• _What this task involves_
Up to and including the line that contains "Hill’s Science Diet", write out every line of the entries exactly, beginning with the first. Omit the pictures.

---*---

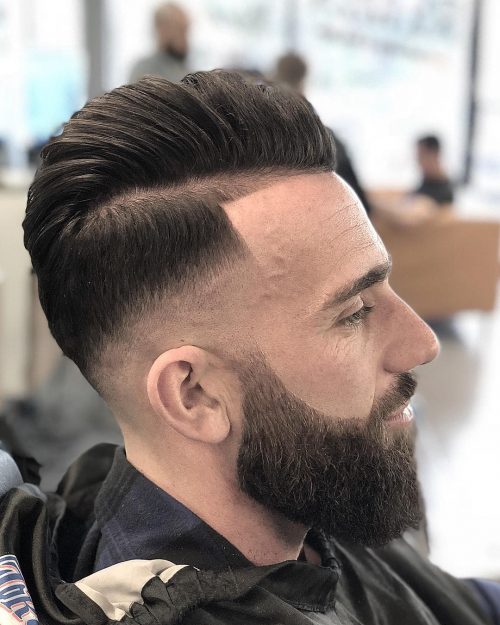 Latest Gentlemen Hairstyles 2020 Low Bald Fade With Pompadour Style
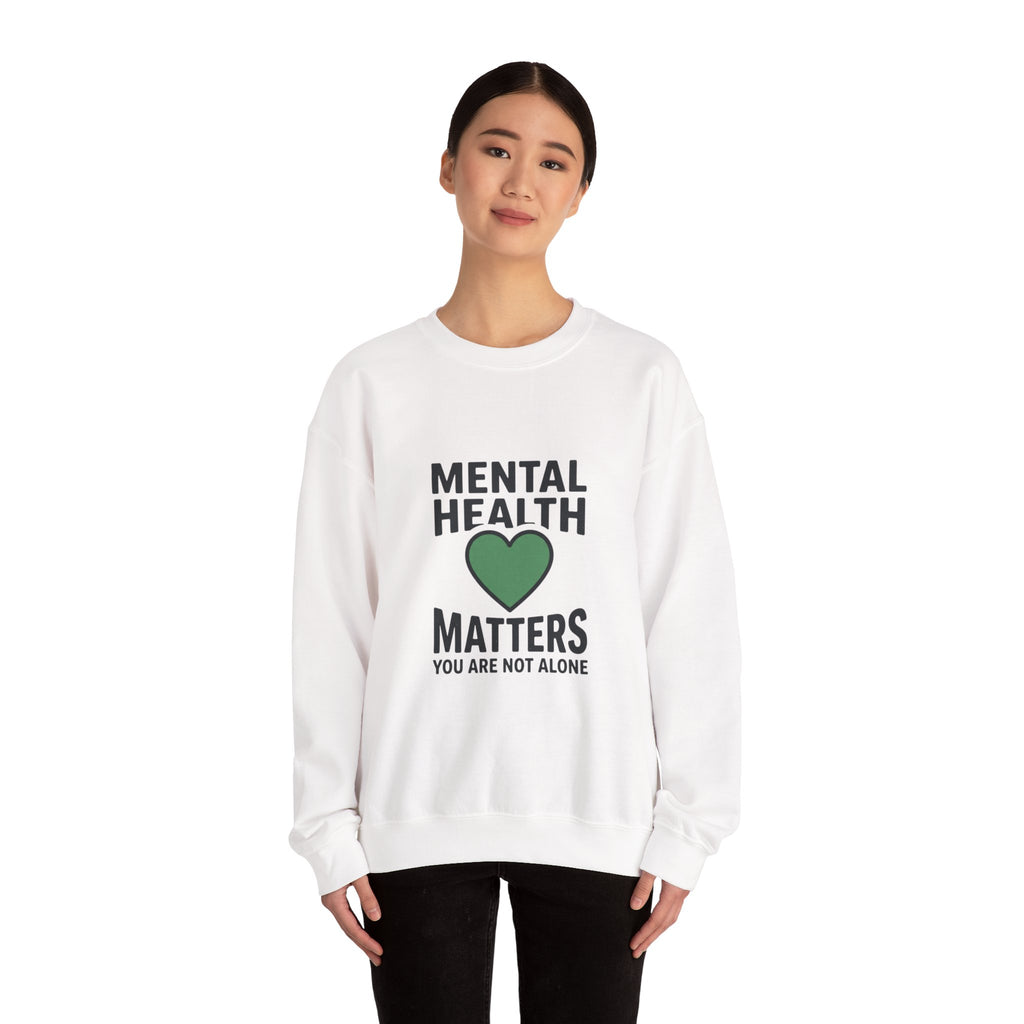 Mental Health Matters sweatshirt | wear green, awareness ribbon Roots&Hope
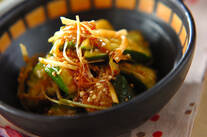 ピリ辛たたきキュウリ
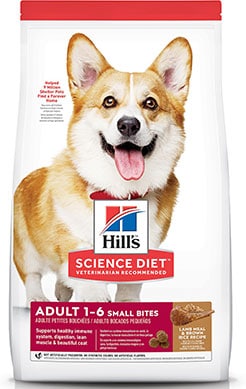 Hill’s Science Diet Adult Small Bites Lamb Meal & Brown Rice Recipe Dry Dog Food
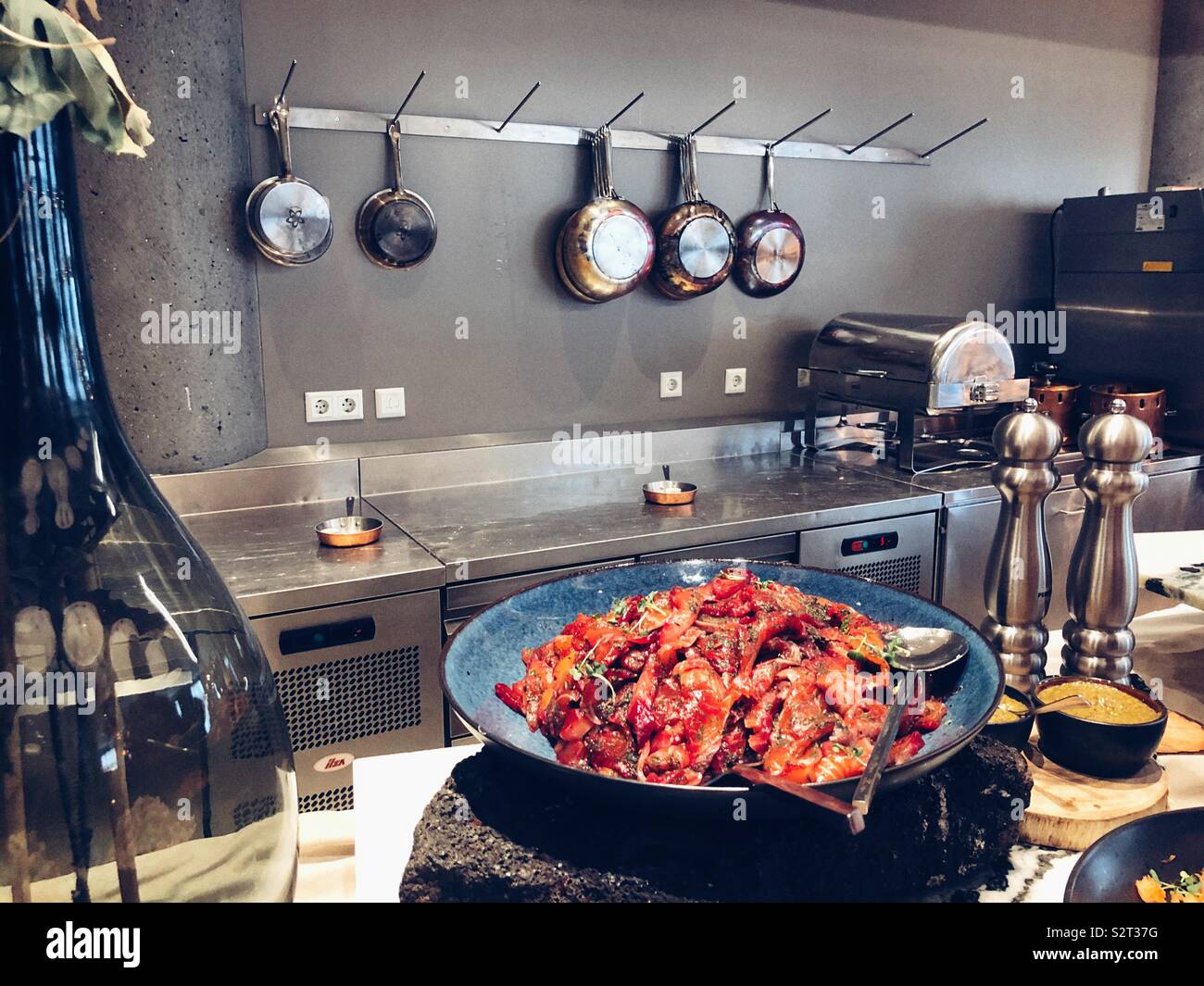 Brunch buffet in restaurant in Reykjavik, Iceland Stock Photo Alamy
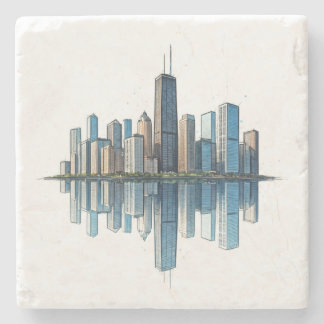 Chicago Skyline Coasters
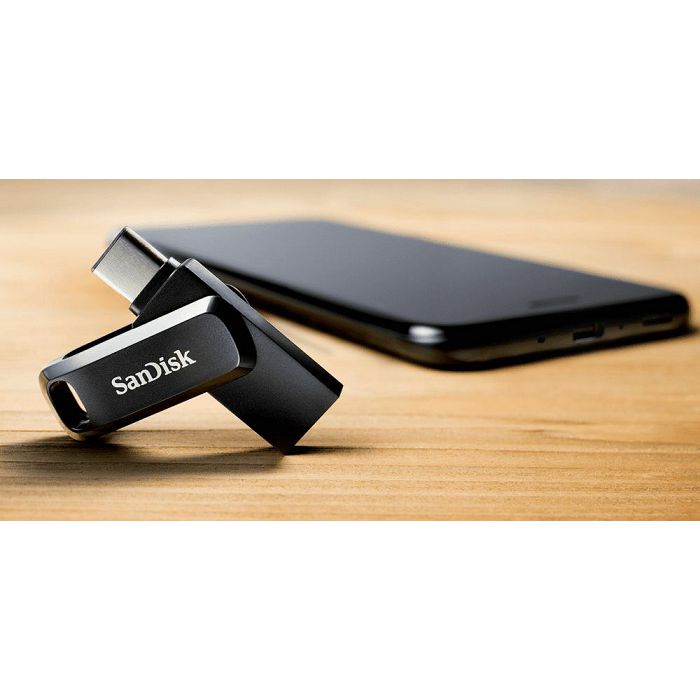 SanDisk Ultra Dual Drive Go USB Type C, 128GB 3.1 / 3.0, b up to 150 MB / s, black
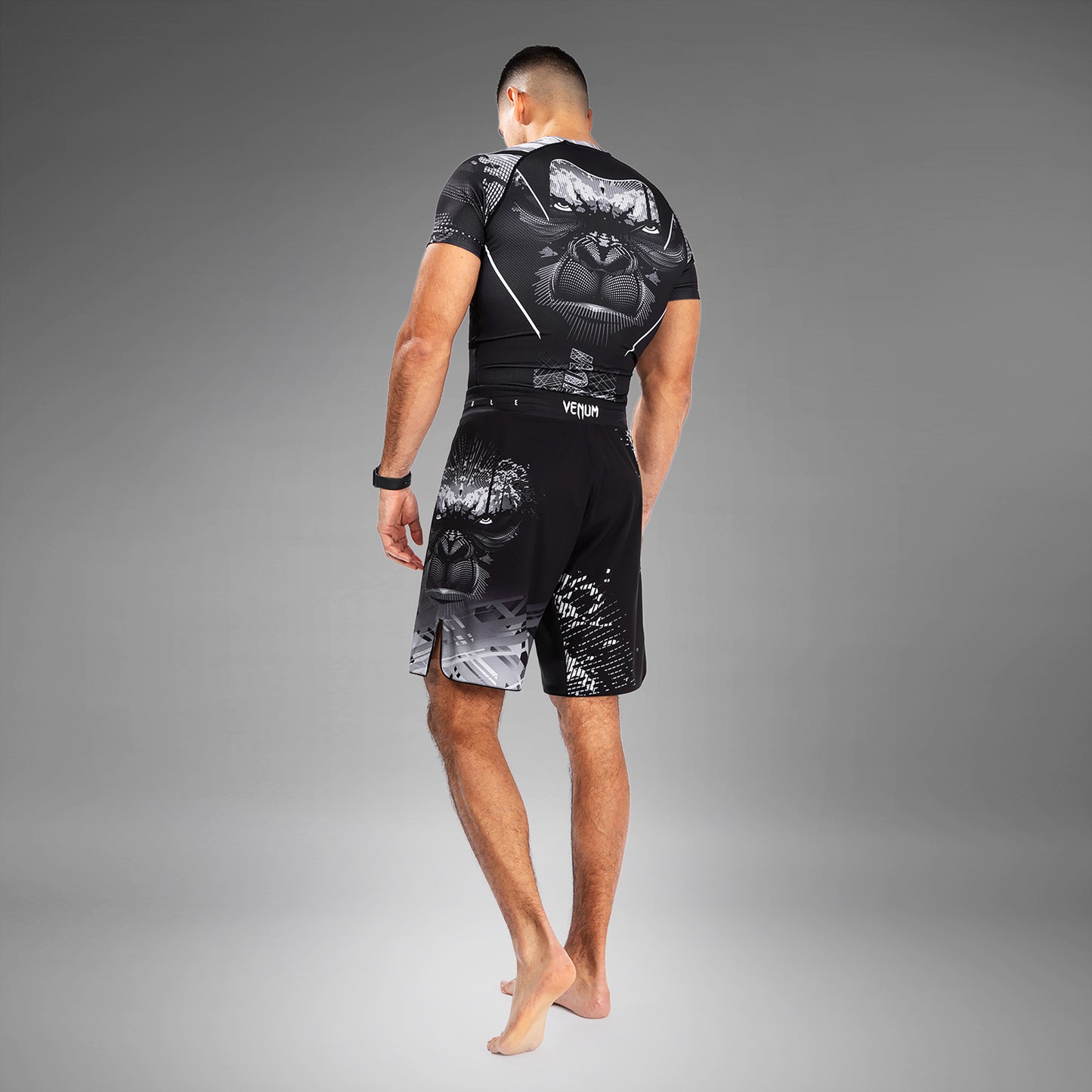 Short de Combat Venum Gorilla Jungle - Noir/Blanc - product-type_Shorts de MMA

---*---

• _Response area_
 Latest Gentlemen Hairstyles 2020 Low Bald Fade With Pompadour Style
 Mental Health Matters sweatshirt | wear green, awareness ribbon Roots&Hope
 ピリ辛たたきキュウリ
 Hill’s Science Diet Adult Small Bites Lamb Meal & Brown Rice Recipe Dry Dog Food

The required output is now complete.